— SOURCE MATERIAL —
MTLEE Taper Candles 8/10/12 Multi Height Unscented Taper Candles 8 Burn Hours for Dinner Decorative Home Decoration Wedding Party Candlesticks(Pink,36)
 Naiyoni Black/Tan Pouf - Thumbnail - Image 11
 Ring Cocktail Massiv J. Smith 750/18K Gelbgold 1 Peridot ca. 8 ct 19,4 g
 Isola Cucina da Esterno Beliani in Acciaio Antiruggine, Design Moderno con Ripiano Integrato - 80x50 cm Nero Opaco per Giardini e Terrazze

— INSTRUCTIONS TO FOLLOW —
Beginning with the line that contains "Naiyoni Black/Tan Pouf", return every line to the end of the listing, unchanged, and nothing else.

— RESULT OF THIS TASK —
 Naiyoni Black/Tan Pouf - Thumbnail - Image 11
 Ring Cocktail Massiv J. Smith 750/18K Gelbgold 1 Peridot ca. 8 ct 19,4 g
 Isola Cucina da Esterno Beliani in Acciaio Antiruggine, Design Moderno con Ripiano Integrato - 80x50 cm Nero Opaco per Giardini e Terrazze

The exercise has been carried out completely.